§ Work item
Exact copy, no pictures: return all the data below as written.

§ Given material
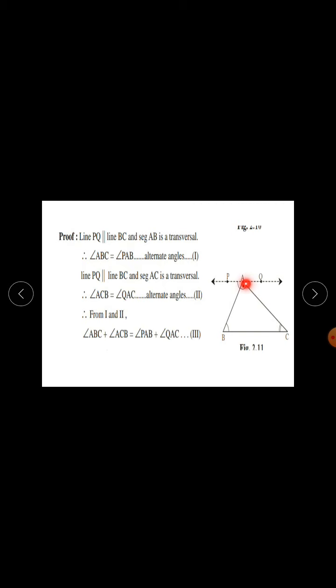Next, line PQ is parallel to line BC and seg AC is a transversal. Therefore, angle ACB is equal to angle QAC. PQ is the parallel line and AC is the transversal, so angle ACB equals angle QAC. The reason is alternate angles. This is equation 2.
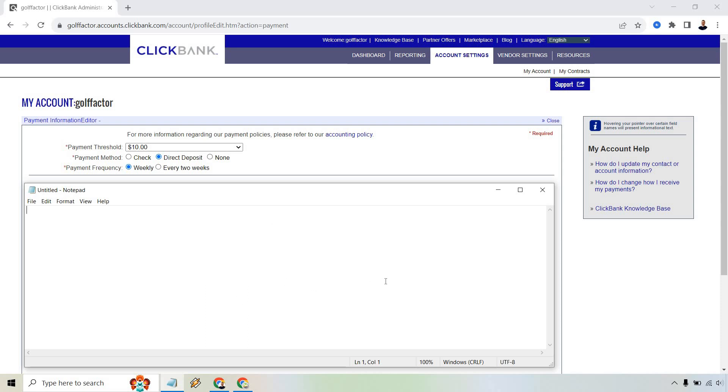It's going to be self-explanatory, but once you are done with that, there should be a submit button or a continue or whatever it's going to be. Make sure you do that once all your information is inputted correctly and you are going to be good to go when it comes to setting up your payment method.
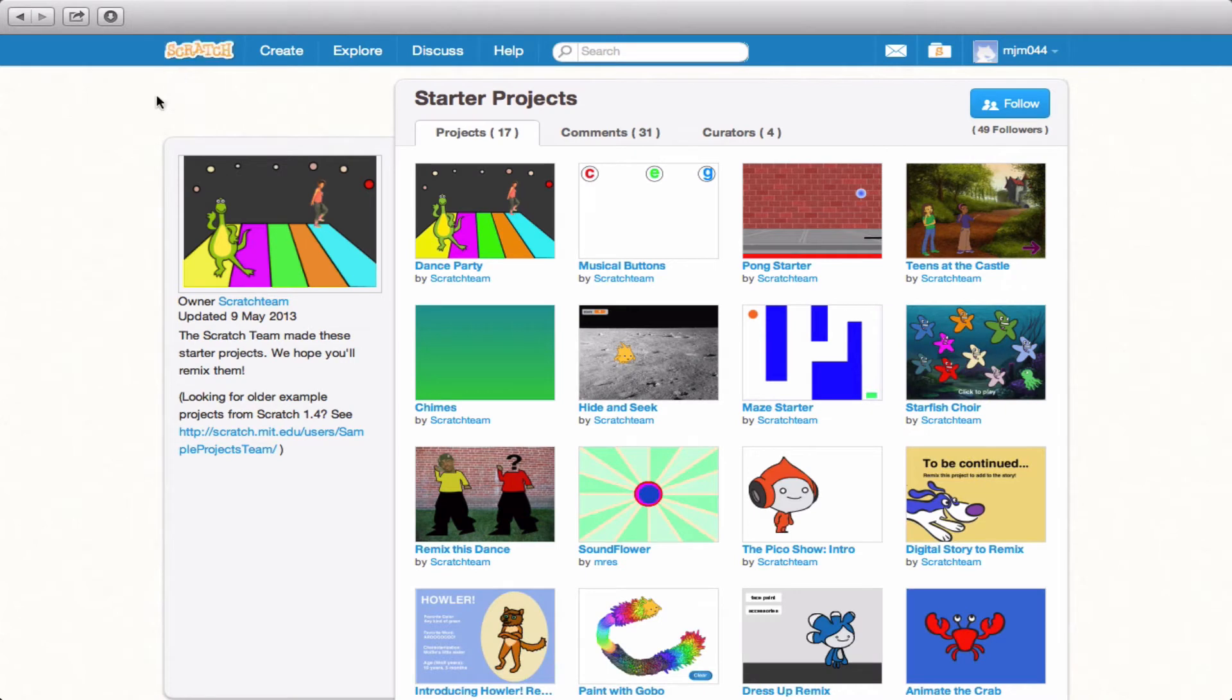it'll take us to the Studios page where you'll see a description that details that the Scratch team has made these starter projects and they want you to remix them.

§ Task response
Next, line PQ is parallel to line BC and seg AC is a transversal. Therefore, angle ACB is equal to angle QAC. PQ is the parallel line and AC is the transversal, so angle ACB equals angle QAC. The reason is alternate angles. This is equation 2.
It's going to be self-explanatory, but once you are done with that, there should be a submit button or a continue or whatever it's going to be. Make sure you do that once all your information is inputted correctly and you are going to be good to go when it comes to setting up your payment method.
it'll take us to the Studios page where you'll see a description that details that the Scratch team has made these starter projects and they want you to remix them.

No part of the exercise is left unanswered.